> WHAT YOU WILL DO:
The required output is the run of lines from the one holding "Persian Pictorial Tabriz Rug, No.29073 - Gss" through the final line of the listing, restated word for word, with no pictures.

TASK DATA Block Start

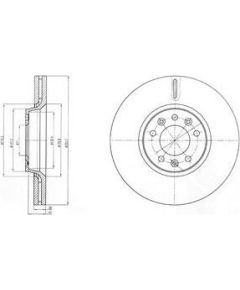 Delphi Bremžu disks BG4083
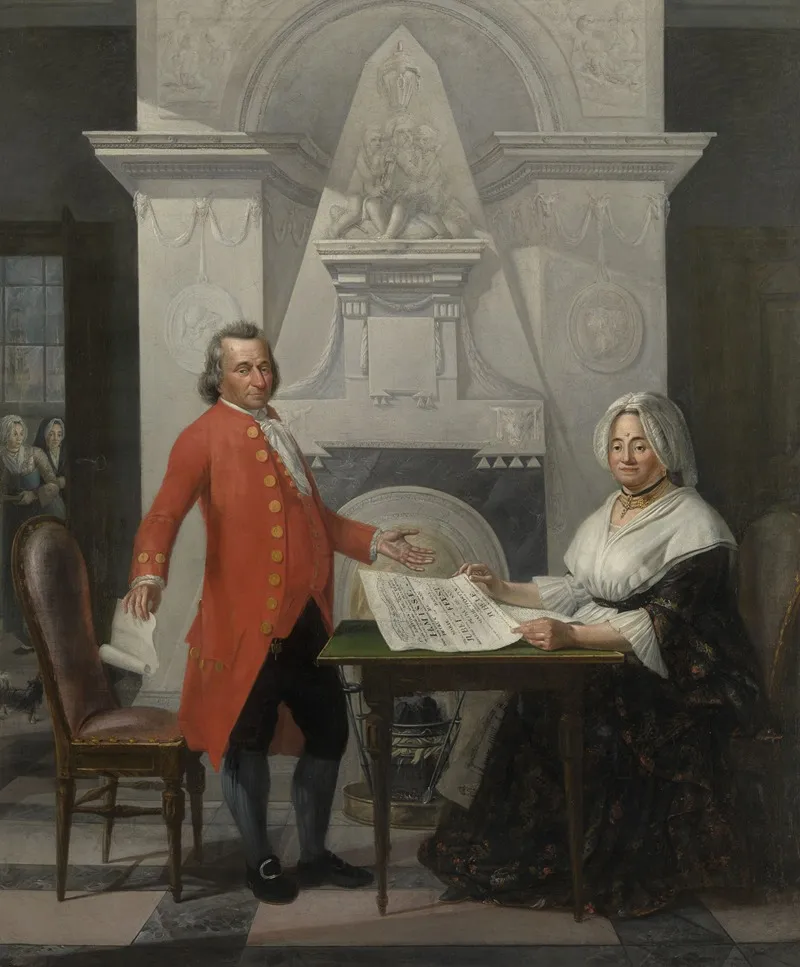 Jubilee Portrait Of The Family De San Wall Art by Gerardus de San - High-Resolution Digital Print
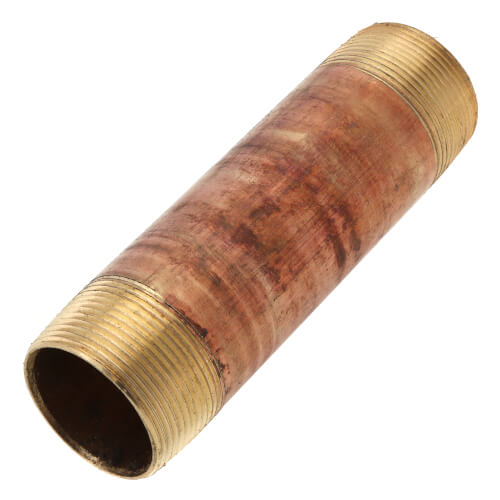 Brass long pipe nipple, 1-1/2 inch MNPT threaded both ends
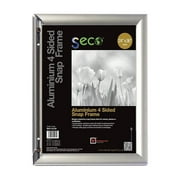 Seco Front Load Easy Open Snap Poster Frame 24 x 36 Silver Anodised Aluminium (SN2436-SV)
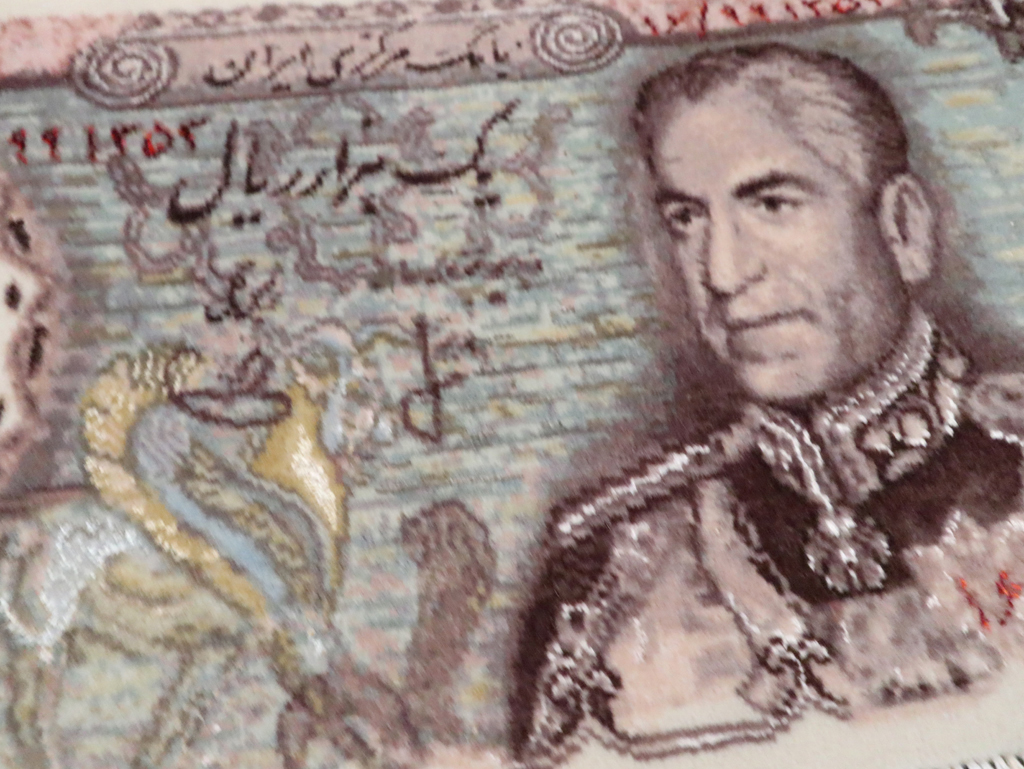 Persian Pictorial Tabriz Rug, No.29073 - Gss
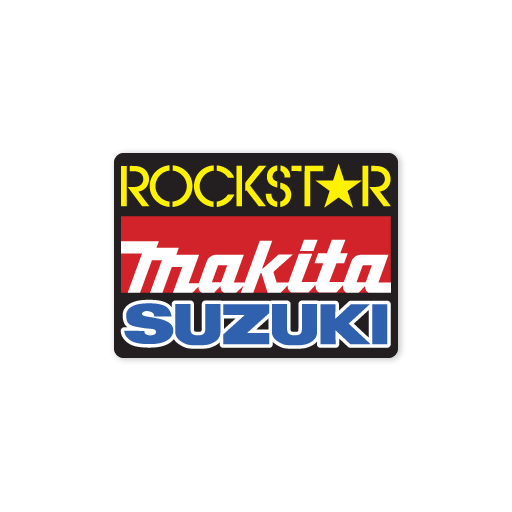 Rockstar Makita Suzuki Sticker-0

TASK DATA Block End

> FINISHED TASK:
 Persian Pictorial Tabriz Rug, No.29073 - Gss
 Rockstar Makita Suzuki Sticker-0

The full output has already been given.